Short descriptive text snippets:
>>>>>

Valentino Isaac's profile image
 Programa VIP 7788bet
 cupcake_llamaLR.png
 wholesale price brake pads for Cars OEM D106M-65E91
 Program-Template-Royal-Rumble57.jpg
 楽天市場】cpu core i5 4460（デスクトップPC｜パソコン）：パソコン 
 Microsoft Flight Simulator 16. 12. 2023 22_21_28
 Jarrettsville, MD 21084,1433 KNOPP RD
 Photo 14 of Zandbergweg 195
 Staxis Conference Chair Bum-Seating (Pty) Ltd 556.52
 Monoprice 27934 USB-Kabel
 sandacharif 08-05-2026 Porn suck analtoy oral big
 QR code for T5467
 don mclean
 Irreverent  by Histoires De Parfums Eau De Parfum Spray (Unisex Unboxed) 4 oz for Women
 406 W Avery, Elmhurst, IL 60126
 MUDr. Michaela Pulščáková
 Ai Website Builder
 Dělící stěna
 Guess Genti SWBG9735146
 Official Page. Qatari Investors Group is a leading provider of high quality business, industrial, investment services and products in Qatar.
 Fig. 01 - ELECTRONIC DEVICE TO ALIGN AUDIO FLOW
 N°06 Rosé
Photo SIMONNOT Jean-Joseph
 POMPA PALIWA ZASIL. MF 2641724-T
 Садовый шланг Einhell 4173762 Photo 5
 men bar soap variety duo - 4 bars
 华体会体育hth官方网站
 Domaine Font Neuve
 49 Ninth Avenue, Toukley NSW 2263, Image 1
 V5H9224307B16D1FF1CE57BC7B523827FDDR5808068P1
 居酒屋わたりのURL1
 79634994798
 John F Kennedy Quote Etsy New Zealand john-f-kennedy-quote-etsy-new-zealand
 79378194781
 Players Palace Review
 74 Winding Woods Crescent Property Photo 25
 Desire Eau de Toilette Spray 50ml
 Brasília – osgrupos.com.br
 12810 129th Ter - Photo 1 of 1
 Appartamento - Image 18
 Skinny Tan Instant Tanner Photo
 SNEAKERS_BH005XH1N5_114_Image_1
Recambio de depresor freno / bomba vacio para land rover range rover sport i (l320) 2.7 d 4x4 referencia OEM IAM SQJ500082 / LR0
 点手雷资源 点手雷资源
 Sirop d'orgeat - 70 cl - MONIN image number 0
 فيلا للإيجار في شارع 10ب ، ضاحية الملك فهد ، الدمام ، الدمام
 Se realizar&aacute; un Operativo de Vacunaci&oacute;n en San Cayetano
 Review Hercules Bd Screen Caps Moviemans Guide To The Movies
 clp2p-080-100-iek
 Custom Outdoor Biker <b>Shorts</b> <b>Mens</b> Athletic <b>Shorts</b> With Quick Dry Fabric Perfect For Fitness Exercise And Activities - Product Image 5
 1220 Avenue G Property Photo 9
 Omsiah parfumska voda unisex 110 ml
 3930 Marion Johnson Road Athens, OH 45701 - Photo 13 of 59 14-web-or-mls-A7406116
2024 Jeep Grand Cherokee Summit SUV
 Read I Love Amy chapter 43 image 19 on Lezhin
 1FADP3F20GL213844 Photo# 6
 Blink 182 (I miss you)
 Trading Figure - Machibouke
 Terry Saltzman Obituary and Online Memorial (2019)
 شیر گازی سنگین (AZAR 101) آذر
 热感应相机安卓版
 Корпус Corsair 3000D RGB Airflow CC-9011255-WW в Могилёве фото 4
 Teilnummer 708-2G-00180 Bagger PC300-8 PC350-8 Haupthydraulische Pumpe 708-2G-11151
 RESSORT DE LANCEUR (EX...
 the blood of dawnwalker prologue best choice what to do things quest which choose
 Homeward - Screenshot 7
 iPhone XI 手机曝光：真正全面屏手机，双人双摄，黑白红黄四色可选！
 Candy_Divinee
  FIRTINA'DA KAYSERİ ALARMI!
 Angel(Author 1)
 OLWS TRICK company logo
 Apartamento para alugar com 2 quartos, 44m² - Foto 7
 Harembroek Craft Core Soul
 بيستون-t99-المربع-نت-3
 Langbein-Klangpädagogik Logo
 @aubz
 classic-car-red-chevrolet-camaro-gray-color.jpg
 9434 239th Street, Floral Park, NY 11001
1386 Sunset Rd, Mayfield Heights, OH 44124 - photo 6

<<<<<

• **ACTIVITY**
All the records above need to be output exactly, with none omitted.

• **THE COMPLETED TASK**
Valentino Isaac's profile image
 Programa VIP 7788bet
 cupcake_llamaLR.png
 wholesale price brake pads for Cars OEM D106M-65E91
 Program-Template-Royal-Rumble57.jpg
 楽天市場】cpu core i5 4460（デスクトップPC｜パソコン）：パソコン 
 Microsoft Flight Simulator 16. 12. 2023 22_21_28
 Jarrettsville, MD 21084,1433 KNOPP RD
 Photo 14 of Zandbergweg 195
 Staxis Conference Chair Bum-Seating (Pty) Ltd 556.52
 Monoprice 27934 USB-Kabel
 sandacharif 08-05-2026 Porn suck analtoy oral big
 QR code for T5467
 don mclean
 Irreverent  by Histoires De Parfums Eau De Parfum Spray (Unisex Unboxed) 4 oz for Women
 406 W Avery, Elmhurst, IL 60126
 MUDr. Michaela Pulščáková
 Ai Website Builder
 Dělící stěna
 Guess Genti SWBG9735146
 Official Page. Qatari Investors Group is a leading provider of high quality business, industrial, investment services and products in Qatar.
 Fig. 01 - ELECTRONIC DEVICE TO ALIGN AUDIO FLOW
 N°06 Rosé
Photo SIMONNOT Jean-Joseph
 POMPA PALIWA ZASIL. MF 2641724-T
 Садовый шланг Einhell 4173762 Photo 5
 men bar soap variety duo - 4 bars
 华体会体育hth官方网站
 Domaine Font Neuve
 49 Ninth Avenue, Toukley NSW 2263, Image 1
 V5H9224307B16D1FF1CE57BC7B523827FDDR5808068P1
 居酒屋わたりのURL1
 79634994798
 John F Kennedy Quote Etsy New Zealand john-f-kennedy-quote-etsy-new-zealand
 79378194781
 Players Palace Review
 74 Winding Woods Crescent Property Photo 25
 Desire Eau de Toilette Spray 50ml
 Brasília – osgrupos.com.br
 12810 129th Ter - Photo 1 of 1
 Appartamento - Image 18
 Skinny Tan Instant Tanner Photo
 SNEAKERS_BH005XH1N5_114_Image_1
Recambio de depresor freno / bomba vacio para land rover range rover sport i (l320) 2.7 d 4x4 referencia OEM IAM SQJ500082 / LR0
 点手雷资源 点手雷资源
 Sirop d'orgeat - 70 cl - MONIN image number 0
 فيلا للإيجار في شارع 10ب ، ضاحية الملك فهد ، الدمام ، الدمام
 Se realizar&aacute; un Operativo de Vacunaci&oacute;n en San Cayetano
 Review Hercules Bd Screen Caps Moviemans Guide To The Movies
 clp2p-080-100-iek
 Custom Outdoor Biker <b>Shorts</b> <b>Mens</b> Athletic <b>Shorts</b> With Quick Dry Fabric Perfect For Fitness Exercise And Activities - Product Image 5
 1220 Avenue G Property Photo 9
 Omsiah parfumska voda unisex 110 ml
 3930 Marion Johnson Road Athens, OH 45701 - Photo 13 of 59 14-web-or-mls-A7406116
2024 Jeep Grand Cherokee Summit SUV
 Read I Love Amy chapter 43 image 19 on Lezhin
 1FADP3F20GL213844 Photo# 6
 Blink 182 (I miss you)
 Trading Figure - Machibouke
 Terry Saltzman Obituary and Online Memorial (2019)
 شیر گازی سنگین (AZAR 101) آذر
 热感应相机安卓版
 Корпус Corsair 3000D RGB Airflow CC-9011255-WW в Могилёве фото 4
 Teilnummer 708-2G-00180 Bagger PC300-8 PC350-8 Haupthydraulische Pumpe 708-2G-11151
 RESSORT DE LANCEUR (EX...
 the blood of dawnwalker prologue best choice what to do things quest which choose
 Homeward - Screenshot 7
 iPhone XI 手机曝光：真正全面屏手机，双人双摄，黑白红黄四色可选！
 Candy_Divinee
  FIRTINA'DA KAYSERİ ALARMI!
 Angel(Author 1)
 OLWS TRICK company logo
 Apartamento para alugar com 2 quartos, 44m² - Foto 7
 Harembroek Craft Core Soul
 بيستون-t99-المربع-نت-3
 Langbein-Klangpädagogik Logo
 @aubz
 classic-car-red-chevrolet-camaro-gray-color.jpg
 9434 239th Street, Floral Park, NY 11001
1386 Sunset Rd, Mayfield Heights, OH 44124 - photo 6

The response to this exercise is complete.